Consider the hydrated ions of Ti$$^{2+}$$, V$$^{2+}$$, Ti$$^{3+}$$ and Sc$$^{3+}$$. The correct order of their spin-only magnetic moments is:

For any transition‐metal ion the spin-only magnetic moment is calculated by the formula

$$\mu_{\text{spin}}=\sqrt{n(n+2)}\ \text{Bohr magnetons (BM)}$$

where $$n$$ is the number of unpaired (parallel-spin) electrons present in the ion.

Because the question speaks of “hydrated ions”, we assume the ligand is water, a weak-field ligand; thus the complexes are high-spin, so the number of unpaired electrons is exactly the number expected from the gas-phase $$3d$$ configuration of the ion.

We therefore begin by writing the ground-state electron configurations of the neutral atoms and then remove electrons equal to the charge of each ion, always removing the $$4s$$ electrons before the $$3d$$ electrons.

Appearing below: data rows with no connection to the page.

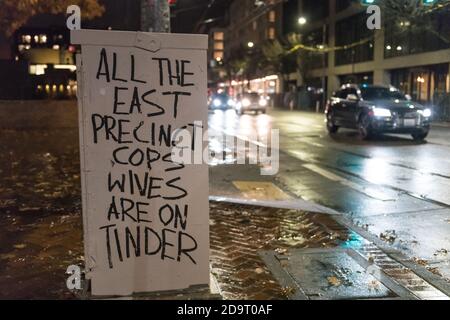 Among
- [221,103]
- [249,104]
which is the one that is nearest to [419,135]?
[249,104]

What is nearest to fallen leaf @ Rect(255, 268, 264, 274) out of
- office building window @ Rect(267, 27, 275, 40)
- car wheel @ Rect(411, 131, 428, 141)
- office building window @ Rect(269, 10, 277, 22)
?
car wheel @ Rect(411, 131, 428, 141)

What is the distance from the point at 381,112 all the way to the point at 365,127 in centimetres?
80

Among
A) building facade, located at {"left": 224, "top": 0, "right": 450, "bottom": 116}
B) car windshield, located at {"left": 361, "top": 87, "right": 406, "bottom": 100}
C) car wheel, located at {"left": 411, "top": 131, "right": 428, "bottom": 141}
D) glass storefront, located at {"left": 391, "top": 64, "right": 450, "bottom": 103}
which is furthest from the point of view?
glass storefront, located at {"left": 391, "top": 64, "right": 450, "bottom": 103}

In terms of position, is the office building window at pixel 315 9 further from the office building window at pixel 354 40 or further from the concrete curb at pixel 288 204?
the concrete curb at pixel 288 204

Scandium: $$\text{Sc}\;(Z=21):\;[\,\text{Ar}\,]\,3d^{1}4s^{2}$$

Titanium: $$\text{Ti}\;(Z=22):\;[\,\text{Ar}\,]\,3d^{2}4s^{2}$$

Vanadium: $$\text{V}\;(Z=23):\;[\,\text{Ar}\,]\,3d^{3}4s^{2}$$

Now we create each required ion.

1. Sc$$^{3+}$$

We must remove three electrons: two from $$4s$$ and one from $$3d$$.

$$[\,\text{Ar}\,]\,3d^{1}4s^{2}\;-\;2(4s)\;-\;1(3d)= [\,\text{Ar}\,]\,3d^{0}$$

Thus $$n=0$$ unpaired electrons.

$$\mu_{\text{spin}}=\sqrt{0(0+2)}=0\ \text{BM}$$

2. Ti$$^{3+}$$

Remove three electrons from $$[\,\text{Ar}\,]\,3d^{2}4s^{2}$$: two from $$4s$$, one from $$3d$$.

$$[\,\text{Ar}\,]\,3d^{2}4s^{2}\;\longrightarrow\;[\,\text{Ar}\,]\,3d^{1}$$

So $$n=1$$ unpaired electron.

$$\mu_{\text{spin}}=\sqrt{1(1+2)}=\sqrt{3}\ \text{BM}$$

3. Ti$$^{2+}$$

Remove two electrons, both from $$4s$$.

$$[\,\text{Ar}\,]\,3d^{2}4s^{2}\;\longrightarrow\;[\,\text{Ar}\,]\,3d^{2}$$

Here $$n=2$$ unpaired electrons.

$$\mu_{\text{spin}}=\sqrt{2(2+2)}=\sqrt{8}\ \text{BM}$$

4. V$$^{2+}$$

Remove two electrons from $$[\,\text{Ar}\,]\,3d^{3}4s^{2}$$, again both from $$4s$$.

$$[\,\text{Ar}\,]\,3d^{3}4s^{2}\;\longrightarrow\;[\,\text{Ar}\,]\,3d^{3}$$

So $$n=3$$ unpaired electrons.

$$\mu_{\text{spin}}=\sqrt{3(3+2)}=\sqrt{15}\ \text{BM}$$

Comparing the four values, we clearly have

$$0\;{\text{BM}}\lt\sqrt{3}\;{\text{BM}}\lt\sqrt{8}\;{\text{BM}}\lt\sqrt{15}\;{\text{BM}}$$

That is, in terms of the ions themselves,

$$\text{Sc}^{3+}\lt\text{Ti}^{3+}\lt\text{Ti}^{2+}\lt\text{V}^{2+}$$

This sequence exactly matches Option C.

Hence, the correct answer is Option C.